Columns by John

John Brown has been a wine and food columnist in West Virginia since the 1980’s. His regular columns appear in the Charleston (WV) Gazette-Mail under the title Vines & Vittles and in The State Journal - a statewide business weekly

From Tuscany with love

Every now and then I have a wine reawakening. I’m not talking about reacquainting myself with the wines of my youth like MD 20/20 or the half-gallon jug of California “Burgundy” (where the picture of the old codger on the label looked as if it had been taken post-mortem).

No, I’m referring to a recent dinner where I purchased an inexpensive bottle of red Italian wine from Tuscany and made from sangiovese grapes. The wine was very fruit forward without being sweet. It was also round and ripe and a very good pairing with food, particularly my antipasti followed by pasta in a marinara sauce. It also had aromatic components with aromas of cherries and spices like teaberry. This wine brought back very fond memories of trips I had taken to Tuscany.

The most famous red wines of Tuscany are: Brunello Di Montalcino made entirely from sangiovese grapes and grown around the small town of Montalcino: Chianti Classico (also made from predominately sangiovese); and the Super Tuscans of the region which are blends of varieties like cabernet sauvignon, merlot, cabernet franc, sangiovese and even syrah.

Italy has a government office that sets forth regulations determining which grapes can be grown and produced into wine for each viticultural area in the country. Denominazione Di Origine Controllata (“Controlled designation of origin”) or DOC is a quality assurance label for Italian wine. DOCG (Denominazione di Origine Controllata e Garantita) on the label of an Italian wine is an even stronger and higher quality assurance rating.

The government does not prohibit wineries from planting different grapes than those approved by them for a specific region, but in the past, the resulting wine had to be labeled as “vino de tavola” or table wine. For example, cabernet sauvignon was not an approved grape for Tuscany and therefore had to be labeled simply as table wine. That all changed in 1992 when the government, with extreme pressure from influential wine makers, set forth a new classification known as IGT (Indicazione Geografica Tipica). This classification permitted wineries to produce wines from grapes not previously approved by them.

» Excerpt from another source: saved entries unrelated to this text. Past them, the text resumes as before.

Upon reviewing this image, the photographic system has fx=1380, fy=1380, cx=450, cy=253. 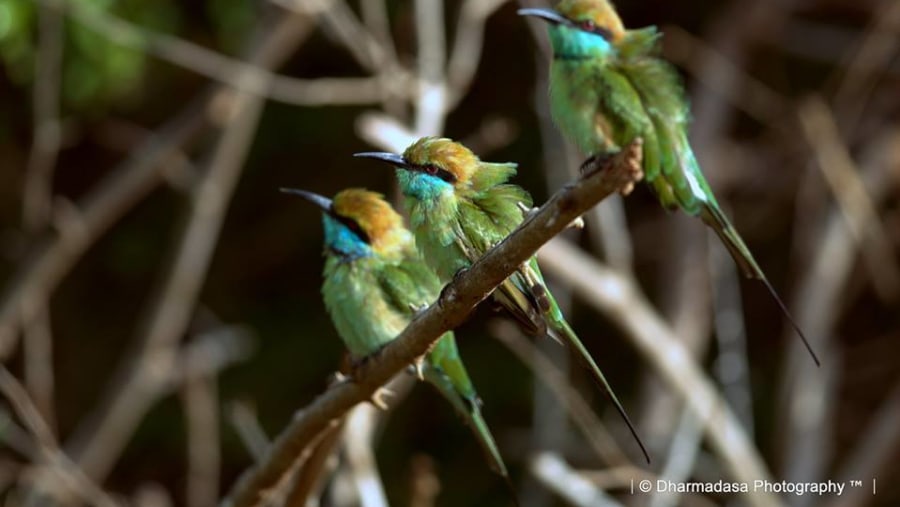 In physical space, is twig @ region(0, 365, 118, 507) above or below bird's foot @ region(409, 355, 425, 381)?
above

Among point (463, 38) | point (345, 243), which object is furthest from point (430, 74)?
point (345, 243)

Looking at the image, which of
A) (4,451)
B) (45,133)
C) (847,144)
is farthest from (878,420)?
(4,451)

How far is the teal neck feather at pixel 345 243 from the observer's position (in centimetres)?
274

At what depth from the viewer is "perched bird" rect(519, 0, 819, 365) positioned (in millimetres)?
2184

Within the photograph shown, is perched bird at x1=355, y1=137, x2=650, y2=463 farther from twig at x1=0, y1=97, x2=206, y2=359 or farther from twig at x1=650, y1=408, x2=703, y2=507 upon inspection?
twig at x1=0, y1=97, x2=206, y2=359

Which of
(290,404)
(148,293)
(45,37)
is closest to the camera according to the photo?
(45,37)

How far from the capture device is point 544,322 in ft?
6.00

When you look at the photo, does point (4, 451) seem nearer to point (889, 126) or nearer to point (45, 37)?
point (45, 37)

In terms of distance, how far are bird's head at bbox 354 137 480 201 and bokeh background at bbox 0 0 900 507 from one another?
1396mm

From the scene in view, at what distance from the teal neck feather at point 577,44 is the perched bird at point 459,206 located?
0.41 metres

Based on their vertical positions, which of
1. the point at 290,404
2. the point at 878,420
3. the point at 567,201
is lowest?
the point at 878,420

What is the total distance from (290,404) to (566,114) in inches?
101

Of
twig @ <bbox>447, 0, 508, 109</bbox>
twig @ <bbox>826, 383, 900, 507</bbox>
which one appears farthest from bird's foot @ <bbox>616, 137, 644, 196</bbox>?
twig @ <bbox>826, 383, 900, 507</bbox>

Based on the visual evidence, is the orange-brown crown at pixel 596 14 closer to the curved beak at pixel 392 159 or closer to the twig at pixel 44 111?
the curved beak at pixel 392 159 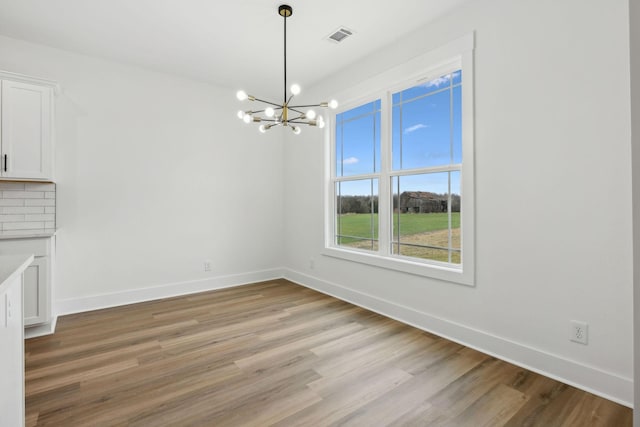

The wines known as “Super Tuscans” – initially in the coastal Maremma region of Tuscany -led the way by producing Bordeaux-type blends such as cabernet sauvignon and merlot. Ornellaia is perhaps the best known example of a Super Tuscan” and is also considered one of the greatest wines in Italy.

Here are three wines I’ve tasted recently from Tuscany that you might wish to try.

2016 Monte Antico Rosso Toscano ($12) – This is the wine I mentioned above that rekindled my desire to revisit Tuscan wines. Medium-bodied with flavors of ripe dark fruit along with a slight touch of vanilla from oak aging, this is an excellent every day drinking red. Try it with pasta in marinara or a Bolognese sauce.

2015 Frescobaldi Nipozzano Chianti Rufina Riserva ($28) This lovely wine is comprised of 90% Sangiovese and 10% other varieties such as malvasia and colorino. It has flavors of tart red cherries, teaberry and nuances of oak. It is medium bodied, with some noticeable tannin and excellent balancing acidity. The wine was aged in oak for 24 months and for three years in bottle before being released. Grilled Italian sausages or barbecued baby back ribs would be great accompaniments to this wine.

2015 La Massa Toscana ($30) A blend of 60% sangiovese, 25% Merlot, 15% cabernet sauvignon and alicante bouschet, this IGT from the Chianti Classico region of Tuscany is a rich, full-bodied and complex red wine. Aged in French oak, it is silky smooth, has flavors of black cherries and is perfectly balanced. Try roasted pork tenderloin with a port wine sauce for a heavenly pairing with La Massa.